The driving forces behind this milestone are primarily China and India, where solar deployment has accelerated at an unprecedented pace. China alone added more solar capacity in recent years than the entire installed base of many European nations. But the significance extends well beyond Asia. According to Ember’s latest data, EU solar led the European power mix for the first time ever in June 2025, reaching 22% of total generation — surpassing gas and coal combined for that month. This is not a seasonal anomaly; it is a structural signal.

Global solar output now rivals the electricity consumption of major economic blocs. When combined with wind energy, renewables are no longer a supplement to fossil fuels — they are increasingly the backbone of modern grids. Energy efficiency improvements and smarter resource management across transmission and storage are amplifying these gains, ensuring that more of what is generated is actually used.

  • EU solar hit 22% of power generation in June 2025, a historic first.
  • Solar and wind together outpaced gas and coal in European electricity production during peak summer weeks.
  • Global renewable growth offset 100% of new electricity demand, halting fossil fuel expansion in the power sector.

Innovation and Policy: The Grid Must Keep Up

Generating clean electricity is only half the challenge. The other half is storing it, moving it, and making it available when and where it is needed. This is where grid flexibility and storage innovation become critical — and where some of the most interesting developments are happening right now.

In the United States, Meta has partnered with Overview Energy and Noon Energy to develop integrated solar, wind, and long-duration grid storage solutions specifically designed to power AI data centres — one of the fastest-growing sources of electricity demand globally. Meanwhile, Virginia’s FAST Act introduced grid reform legislation that expands community solar access for both businesses and citizens, offering a model for how policy can accelerate flexible renewable deployment at scale.

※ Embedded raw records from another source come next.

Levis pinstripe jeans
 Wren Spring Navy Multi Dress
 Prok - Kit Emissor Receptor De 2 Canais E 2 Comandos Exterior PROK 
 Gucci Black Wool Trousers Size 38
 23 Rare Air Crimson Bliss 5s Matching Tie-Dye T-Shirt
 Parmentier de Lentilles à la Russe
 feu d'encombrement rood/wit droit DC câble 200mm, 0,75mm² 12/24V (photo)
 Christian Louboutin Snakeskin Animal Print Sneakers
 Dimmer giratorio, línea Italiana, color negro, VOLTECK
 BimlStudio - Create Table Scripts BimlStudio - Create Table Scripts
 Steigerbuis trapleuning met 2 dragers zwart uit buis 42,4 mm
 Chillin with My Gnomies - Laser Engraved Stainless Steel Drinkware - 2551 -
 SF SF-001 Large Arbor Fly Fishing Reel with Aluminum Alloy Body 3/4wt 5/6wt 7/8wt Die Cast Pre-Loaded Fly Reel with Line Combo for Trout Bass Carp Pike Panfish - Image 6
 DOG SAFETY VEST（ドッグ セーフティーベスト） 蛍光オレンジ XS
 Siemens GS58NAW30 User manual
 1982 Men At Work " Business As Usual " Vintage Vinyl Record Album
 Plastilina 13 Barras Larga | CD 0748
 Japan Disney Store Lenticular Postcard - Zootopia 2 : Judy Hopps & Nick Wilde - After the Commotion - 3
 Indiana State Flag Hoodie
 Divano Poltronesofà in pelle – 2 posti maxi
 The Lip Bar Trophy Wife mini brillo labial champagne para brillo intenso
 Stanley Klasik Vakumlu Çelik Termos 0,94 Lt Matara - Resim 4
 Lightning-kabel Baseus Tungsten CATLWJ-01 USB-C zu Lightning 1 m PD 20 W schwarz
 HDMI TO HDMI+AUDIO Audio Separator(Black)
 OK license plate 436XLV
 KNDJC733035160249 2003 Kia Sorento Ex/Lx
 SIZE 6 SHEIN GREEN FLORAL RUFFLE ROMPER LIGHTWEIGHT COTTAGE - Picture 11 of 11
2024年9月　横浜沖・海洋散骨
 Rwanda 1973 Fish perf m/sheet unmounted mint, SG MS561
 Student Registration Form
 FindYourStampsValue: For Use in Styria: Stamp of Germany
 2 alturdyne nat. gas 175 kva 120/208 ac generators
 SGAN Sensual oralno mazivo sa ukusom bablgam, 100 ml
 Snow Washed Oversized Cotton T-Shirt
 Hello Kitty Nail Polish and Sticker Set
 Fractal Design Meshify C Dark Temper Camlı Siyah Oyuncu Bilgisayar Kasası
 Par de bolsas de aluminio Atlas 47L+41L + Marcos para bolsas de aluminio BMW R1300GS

Closer to home, Puerto Rico now generates 20% of its electricity capacity from rooftop solar — 1,456 MW — making it the second-largest power source on the island after petroleum. This grassroots, distributed model of energy production offers lessons for European island territories and energy-vulnerable regions alike. Hydrogen and advanced battery storage remain key pillars in Europe’s long-term strategy to balance grids as solar and wind penetration deepens, particularly during low-generation winter months.

What This Means for Europe’s Energy Future

Europe’s clean energy trajectory is encouraging, but the path forward is not without friction. Policy coherence remains a challenge: while the EU accelerates its solar buildout under the REPowerEU framework, geopolitical pressures, permitting bottlenecks, and grid infrastructure gaps still slow deployment in several member states. The contrast with the pace of expansion in China and India underscores the urgency of regulatory reform.

At the same time, the energy shocks of recent years — from the gas crisis triggered by Russia’s invasion of Ukraine to volatile commodity markets — have reinforced a critical lesson: fossil fuel dependence is a structural vulnerability. Every megawatt of solar or wind capacity installed is a step toward energy sovereignty. Water-cooled thermal plants and fossil infrastructure also place significant pressure on freshwater resources; transitioning to solar and wind reduces this strain, offering co-benefits for water management and ecosystem resilience.

Key takeaway: The 2025 solar milestone is not a peak — it is a baseline. With costs continuing to fall, storage technology maturing, and policy frameworks gradually aligning, renewable energy is on track to do more than meet new demand. It is beginning to displace existing fossil generation. For European citizens, businesses, and policymakers, the message is clear: the clean energy transition is no longer a future scenario. It is already under way — and the pace is accelerating.